Later Chaff-Faced Ware horizons lead into Maykop culture. Ghalichi et al. model the Maykop-associated cluster (Maykop, Late Maykop, and Maykop–Novosvobodnaya culture) as requiring a substantial contribution from northwest Iranian Chalcolithic farmers of the Hajji Firuz type, in addition to ancestry from local Caucasus Eneolithic groups and southern Caucasus farmers. In their preferred models, Maykop–Novosvobodnaya carries about 42% ancestry related to Hajji Firuz Chalcolithic Iran, with the remainder mainly from Caucasus Eneolithic and a smaller share from southern Caucasus Chalcolithic farming groups, while the Maykop main cluster carries about 28% Hajji Firuz–related ancestry. Late Maykop is modeled as derived entirely from earlier Maykop and therefore inherits this northwest Iranian Chalcolithic component, which thus forms a significant minority of the ancestry in Maykop populations. [26] Subsequent successions (e.g., Dolmen, Northern Caucasus culture) shaped later steppe interactions more than Maykop itself. [25]
Recent work on the origins of Yamnaya steppe herders has identified a Caucasus–Lower Volga (CLV) cline that links Neolithic and Chalcolithic populations of the southern Caucasus with Eneolithic groups on the Lower Volga. The CLV cline runs from Neolithic farmers at Aknashen in Armenia through Maykop and Remontnoye in the North Caucasus to the Berezhnovka-2–Progress-2 cluster ("BPgroup") on the Lower Volga. The "core Yamnaya" population is modeled as deriving around four fifths of its ancestry from CLV-cline groups with Lower Volga ancestry, with the remaining share coming from local hunter-gatherers of the Dnipro–Don region carrying Ukraine Neolithic hunter-gatherer (UNHG) ancestry. [27]

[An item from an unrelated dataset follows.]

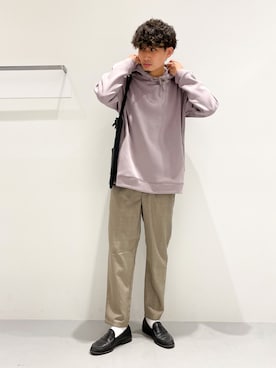 「LAKOLE（ラコレ）のアイテム（パーカー）」を使った、Takuさん（メンズ・180cm）の秋コーディネート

The southern end of the cline, represented by Aknashen, carries a large share of inland "Zagros–Caucasus" ancestry closely related to Caucasus hunter-gatherers (CHG) and Iranian Neolithic groups from the Zagros, together with additional Anatolia and Levant-related ancestry. In this unified three-way (CHG/Iran_N, Anatolian, Levantine) model of Neolithic West Asia, Aknashen and related South Caucasus Neolithic populations sit at the CHG and Ganj Dareh–rich pole of an inland continuum that also includes Iran_N-rich Pre-Pottery Neolithic farmers of Upper Mesopotamia grouped as Mesopotamia_PPN, represented by Boncuklu Tarla near Mardin in southeastern Turkey and Nemrik 9 in northern Iraq. This continuum runs from Mesopotamia_PPN at the more Iran_N-rich end to Aknashen at the CHG and Iran_N–rich end, showing that South Caucasus Neolithic communities blended local CHG-like ancestry with the incoming ancestry ultimately traceable to Iran_N-rich farmers of Upper Mesopotamia and the Zagros. [28] [29] [30] [31] [32]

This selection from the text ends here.